Call it what you will—the sound of raging Vikings, the sound of mastodons fucking, the sound of intermittently football-related high school melodrama—but there is no debating the fact that Explosions in the Sky have cultivated an unmistakable sound over the course of the decade.

By Nick Simonite

Take a moment to consider precisely how unlikely their success has been: an instrumental post-rock band from Texas made up of four scruffy white dudes (75 percent bearded before bearded was in) playing songs that clock in, on average, around eight minutes. They trade in lonely, reverb-laden guitar arpeggios and slow-builds to exhilarating crescendos. Thus, their music is singularly suited as a soundtrack to one’s daily existence, assuming that one is a marauder of the highlands.

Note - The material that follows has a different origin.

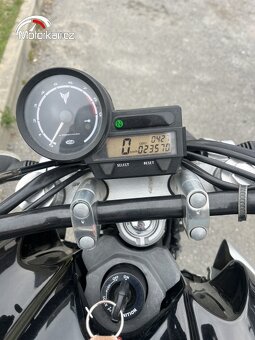 Yamaha MT 03 - 5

The lack of lyrical content makes it easy (and fun!) to hang whatever metaphor or meaning you might choose on their songs. At this point, a generation has studied/smoked pot/read blogs with The Earth is Not a Cold Dead Place plugging away in the background, which is an odd context for a band to fit into.

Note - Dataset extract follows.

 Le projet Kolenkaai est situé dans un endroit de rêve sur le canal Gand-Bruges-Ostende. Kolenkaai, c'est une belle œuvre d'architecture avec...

So to see Explosions in the Sky sell out Tipitina’s on Wednesday, September 29, was a cheerful inevitability. The band initially built a following based on their intense, deafening live shows, but over the last few years have largely eschewed touring, making this gig a magnet for indie rock fans across southern Louisiana. The crowd was what you would by now expect: yards of flannel, beards, smartphones, thick-rimmed glasses and white-soled shoes. There was, no doubt, a whole lotta Tweetin’ going on. Also, apparently no one over 6’1” listens to guitar-driven soundscapes—there wasn’t a pickup game’s worth of basketball talent in attendance, but there were plenty of bookish gentlemen and their pixie-cut-sporting girlfriends.

Opener Wye Oak returned to the Tipitina’s stage for the second time this month (previously opening for the dependably-tremendous Okkervil River) and turned in another solid set, closing with the crowd-pleasing “For Prayer” from 2009’s The Knot. Explosions in the Sky hopped onstage and broke into a characteristically skull-crushing wave of interconnected songs, drawing largely from this year’s excellent Take Care, Take Care, Take Care and 2007’s All of a Sudden I Miss Everyone. It is a truly odd experience to watch a band tear into songs that typically serve as a backdrop for your reading or web surfing—despite the band’s best efforts, the mind does wander.

I can’t help but think that perhaps Explosions are growing too popular for their own good. This show had the potential to be epic and life-affirming, and perhaps it was more so the closer you were to the stage. From the midpoint in the room back, the softer dynamics were lost in the mass of bodies, making the set feel like a string of loud-loud-much-louder moments. The capacity crowd’s chattiness, seemingly a byproduct of Explosions’ soundtrack status, grew louder the further you got from the stage. Omnipresent clouds of pot smoke gently wafting from the audience illustrated nicely how some manage the patience for 13-minute exploratory guitar jams. Ultimately, it was yet another great show that demonstrated the importance of location, location, location.